Brandon Ingram has to be better defensively too. We know he can be a positive defender from his days in Los Angeles, but he hasn’t brought that part of his game to New Orleans quite yet. Sure, you can still beat Ingram with bulk, but too many times Ingram lacked tenacity, focus, or feistiness on defense.

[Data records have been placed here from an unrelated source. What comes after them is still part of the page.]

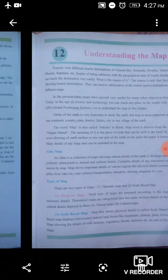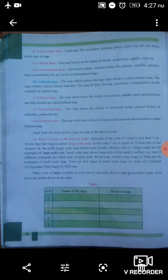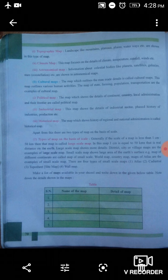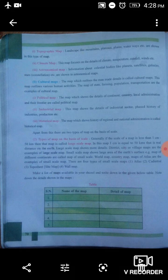Now let's see page number 70. The first type is the topographic map. A topographic map shows landscape details like mountains, plateaus, plains, and waterways. In the same way, an astronomical map shows information about celestial bodies like planets, satellites, galaxies, stars, and constellations.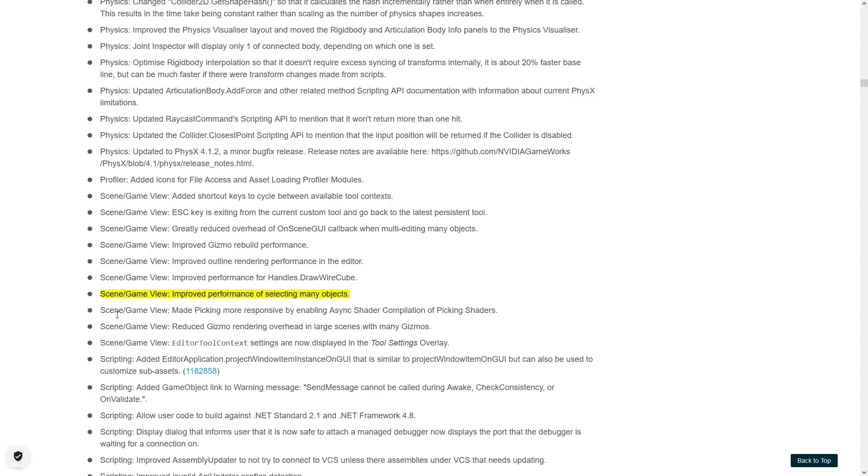Then a general one on scene game view, improved performance when selecting many objects, improved performance when using tons of gizmos and so on. So once again the editor is snappier and faster.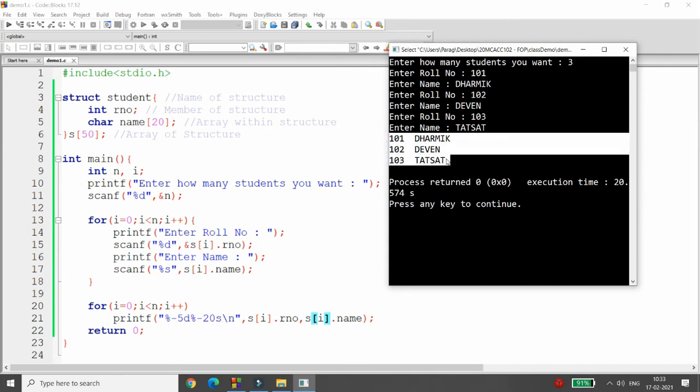But what happens? See, here you can enter the records up to 50. But what if you want to store 51 records? For that, you need to take the pointer. That we will discuss in the next lecture.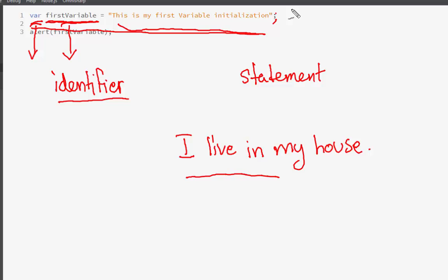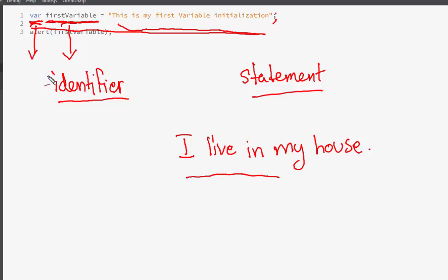There is a general difference between statements and expressions in programming. An expression, as we can refer from human terms, is an incomplete sentence — it has phrases but it's not complete. When we want to refer to a complete sentence, we say it is a statement. So we need to declare a variable using the var keyword so that the compiler can understand we are going to declare a new variable that will hold a certain value.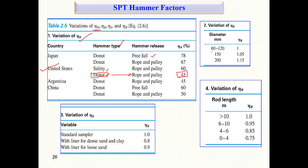For the borehole diameter factor η_B: if the borehole diameter is 60 to 120 mm, η_B equals 1.0, meaning no adjustment is needed. For a diameter of 150 mm, η_B is 1.05, and for larger diameters η_B is 1.15. Higher diameter values increase the efficiency factor — these values are presented in increasing order.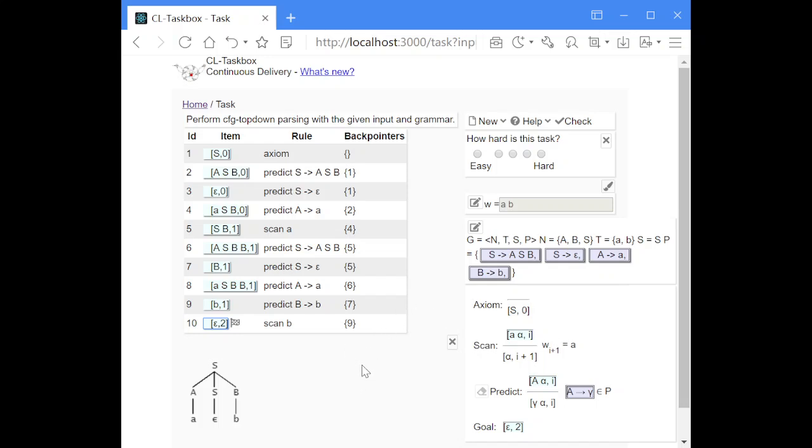And that is how you perform top-down parsing with deduction rules.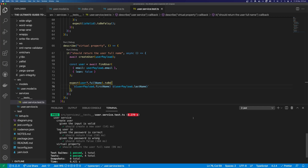And that is the ultimate guide to TypeScript with Mongoose. Please make sure you like the video and subscribe for more content. Thank you.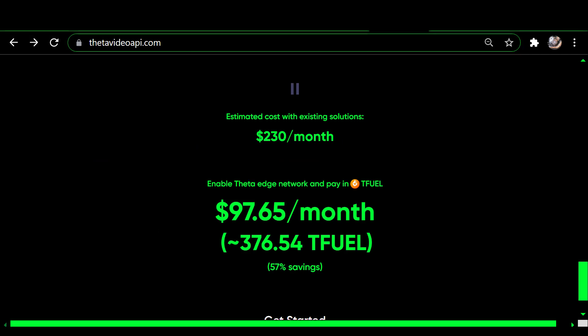If you enable the edge network and pay in T-Fuel, your cost for that same set of criteria would be about $97.65 per month. At the current price of T-Fuel — I calculated that to be about 26 cents per T-Fuel — that would be roughly 376 T-Fuel per month, saving you about 57% over existing solutions.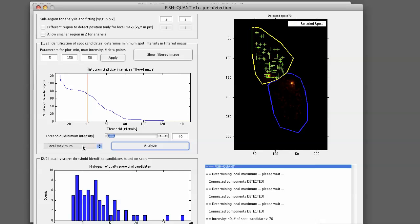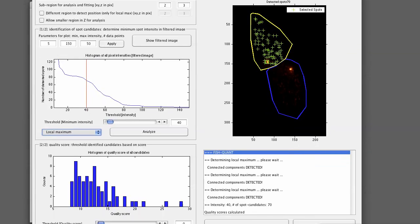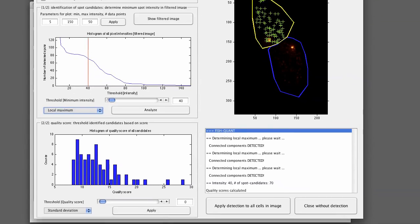By default, we use a non-local maximum detection. We also have a different method implemented based on connected components. For details, again, look at the help file.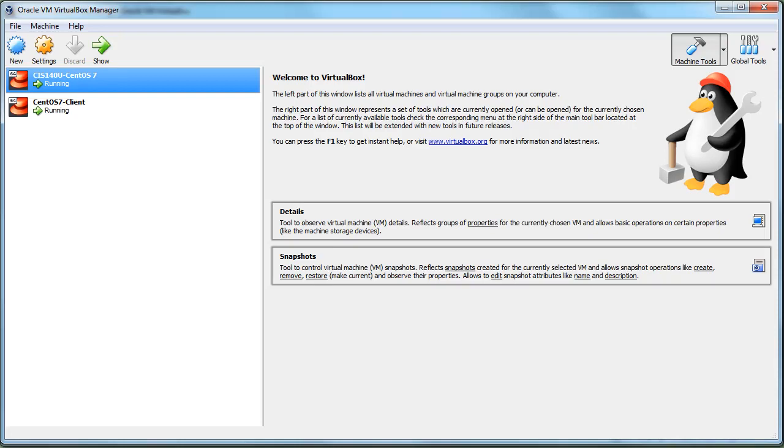One of the common problems people run into when trying to set up VirtualBox is they have these machines and the machines can't seem to talk to each other.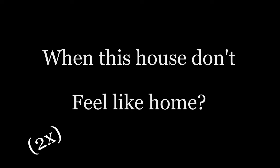Won't you stay with me, my darling. When this house don't feel like home. When this house don't feel like home.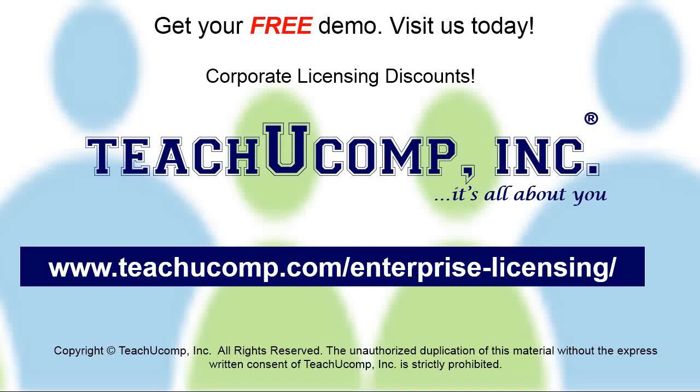Need computer training for a group or office? Contact us today to get a free demo of our training at www.teachucomp.com/enterprise-licensing.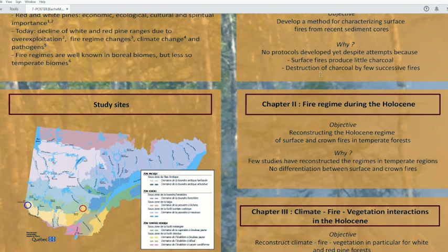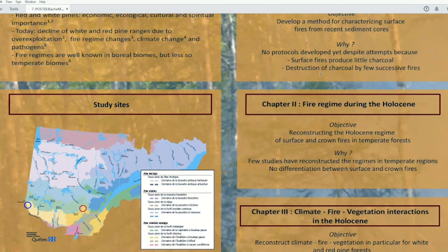For the second chapter, we will look at fire regimes during the Holocene. We want to reconstruct the fire regimes for crown and surface fire, if possible, because as I said previously, we have few studies about fire regimes in the temperate zone. To do this, we will look at two proxies: charcoal and XRF.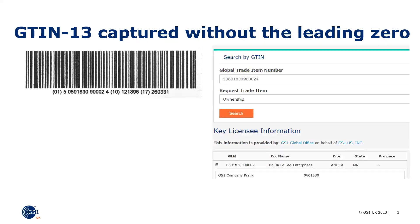When we search using this GTIN14 in the GS1 party registry, we'll see it's assigned to a completely different company. For a GTIN14 starting with 5-0, we expect this to be assigned to a GS1 UK member — but this is a GS1 US member.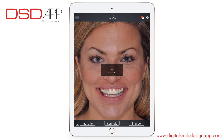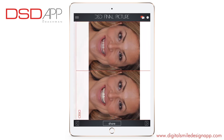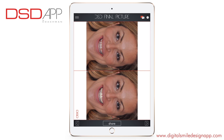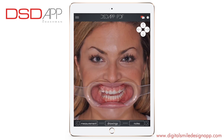Finalize your smile design. Using the slider, you can show before and after. Swiping through the screen, you will see the side-by-side result. Share on Facebook, Instagram, email, or Twitter. Go to the next screen.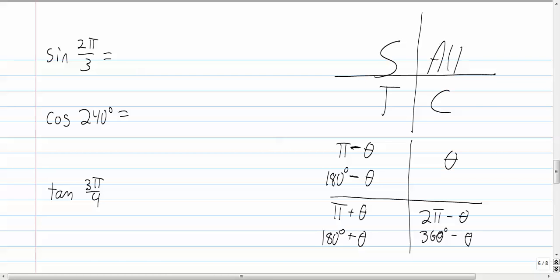To work these three problems, we need to figure out the reference angles first. Once we figure out the reference angle, we write down the point associated with the reference angle. You have that ordered pair, and you use the facts about the unit circle and the six trig functions.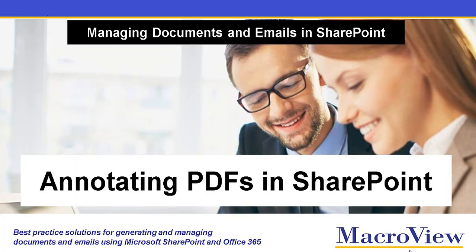In this brief video, we'll see how MacroView DMF makes it easy to annotate PDFs that are already stored in SharePoint.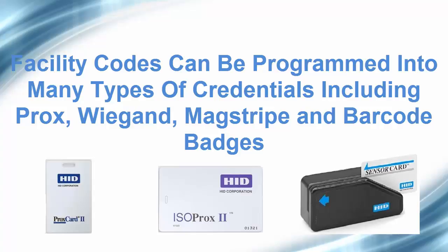Facility codes can be programmed into many types of credentials, including Prox, Wiegand, MagStripe, and Barcode badges.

Ingram gets caught ball-watching and loses sight of his man in the corner (Andrew Wiggins). Two of his teammates are already up with Steph Curry, so he has to momentarily cover Draymond Green and Wiggins. However, Ingram is in no man’s land and doesn’t really guard either, letting Wiggins sneak along the baseline for a dunk. Ingram is way better than that. Until he and Zion catch up on that end of the floor, the Pelicans’ chances of competing will hover around where it is now. With the talent of those two players themselves, let alone the rest of the roster, the Pelicans should not be finishing with the eighth-worst defense in the NBA. Once the Pelicans’ defense catches up, then things could get serious in the near future.

The most important job the Pelicans need to do, however, is gain organizational stability. GM David Griffin has done a great job of hoarding draft picks for the future, but his moves and actions other than that have been less than stellar. Drafting a center with the eighth overall pick (Jaxson Hayes) in the 2019 NBA Draft didn’t feel like the best allocation of its value and only looks worse after De’Andre Hunter (who they could’ve had with the fourth pick of the draft as part of the Anthony Davis trade and was eventually flipped to Atlanta for the eighth and seventeenth picks), Rui Hachimura, Cam Reddish, Cam Johnson, and Tyler Herro, all of whom the Pelicans could have drafted and all but Hunter being drafted after the Hawks took Hayes, have had moments of brilliance in the postseason and fit the roster better than Hayes does. Griffin acquired George Hill in the Jrue Holiday trade, yet flipped the sharpshooting (career 38.1% three-point shooter) guard to Oklahoma City for plodding big man Steven Adams, then gave Adams a two-year, $35 million extension! This was disastrous on numerous levels. Adams does not look like the same athlete he was years ago defensively and makes life much more difficult for the Pelicans’ offense.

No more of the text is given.